Léopold Habarugira a été enlevé en pleine journée, devant des dizaines de témoins, des étudiants qui se rendaient à leur premier cours à l’Université Lumière dans le quartier de Mutanga nord, alors qu’il faisait de la marche en compagnie de son épouse, Libérate Nzitonda. Celle-ci raconte la suite à RFI : « Une voiture de couleur noire, aux vitres teintées et sans plaque d’immatriculation s’est arrêtée devant nous. Trois costauds et un homme en tenue de policier, armé d’un fusil, en sont sortis. Ils se sont jetés sur mon mari et l’ont poussé de force dans leur voiture avant de l’amener. » Depuis le début de la crise au Burundi, des centaines d’opposants ou considérés comme tels, sont portés disparus, certains ont été enlevés suivant ce même modus operandi, de quoi faire craindre le pire à son épouse. « J’ai peur pour lui car nous sommes dans une période difficile : des gens sont enlevés, et ensuite on retrouve leurs cadavres. Ou ils disparaissent sans laisser de traces. J’ai d’autant plus peur que mon mari avait échappé par miracle à un attentat l’année passée. On avait essayé de le tuer devant notre maison. Donc, bien sûr que j’ai peur. » “J’ai appelé partout, même au SNR (service de renseignements burundais), j’ai alerté tout le monde mais je n’ai eu aucune réponse”, poursuit Mme Nzitonda. Elle affirme que son mari avait échappé à la mort en avril de l’an passé. “Un homme armé l’a trouvé devant le portail. Il a ouvert le feu sur lui mais la balle n’est pas sortie de la chambre de son fusil. Vous comprenez qu’il a des ennemis!” Conclut Mme Nzitonda.[5]
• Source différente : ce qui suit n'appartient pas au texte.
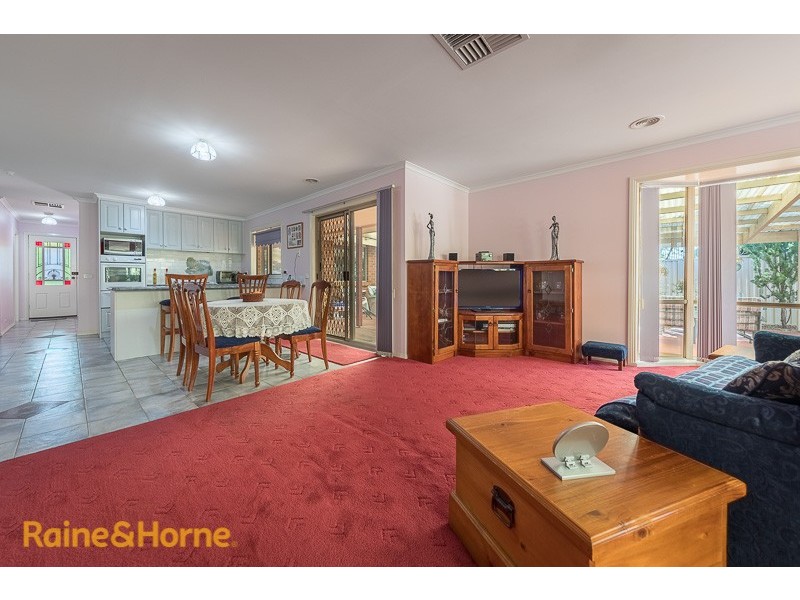 33 Kerrisdale Place, Sunbury VIC 3429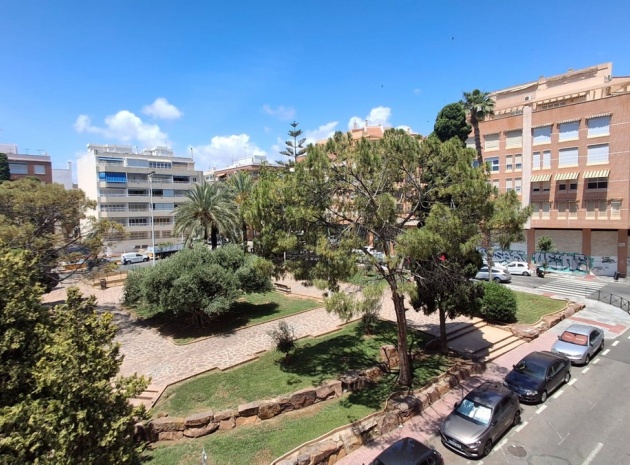 Wiederverkauf - Wohnung - Torrevieja - Torrevieja Centro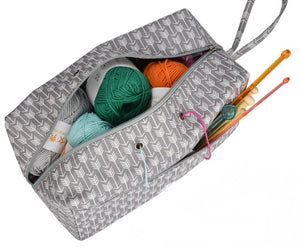 Trousse spéciale pour tricot-crochet.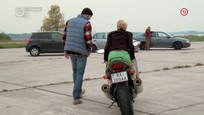 Vdova, Čobejová na motorke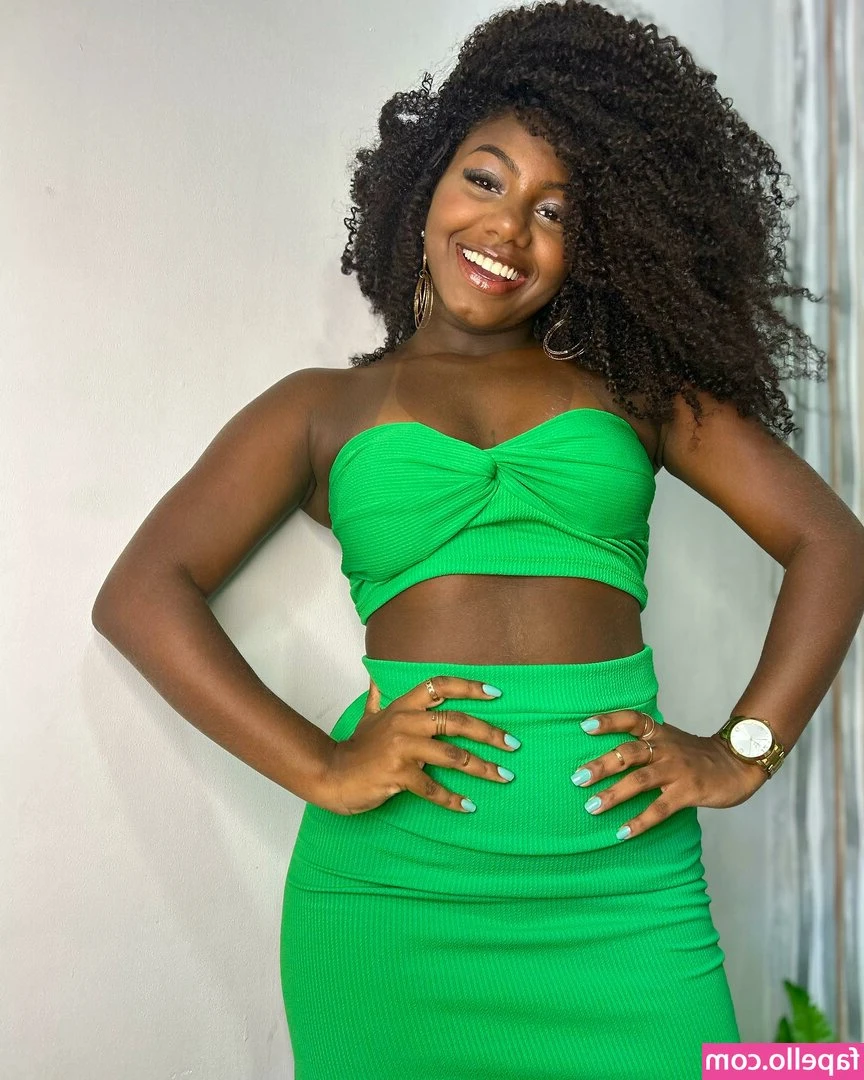 Rayane Santos [ rayane-santos ] - Stomp Stomp!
« Léopold Habarugira, membre du parti de l’opposition UPD – Zigamibanga a été arrêté ce matin. Il a été appréhendé au quartier de Mutanga Nord en zone de Gihosha), commune de Ntahangwa, au nord de la ville de Bujumbura). Libérate Nzitonda indique que son mari a été emmené par trois hommes dont un en tenue policière, était armé. “On faisait du jogging, d’un coup, nous avons vu un véhicule. Ces 3 personnes l’ont tout de suite pris de force et lui forcé d’entrer dans le véhicule en l’immobilisant sauvagement”, raconte sa femme. Son épouse dit avoir crié au secours en vain et les passants assistaient impuissamment. La famille n’a pas de nouvelles de M. Habarugira jusqu’à présent. »[6]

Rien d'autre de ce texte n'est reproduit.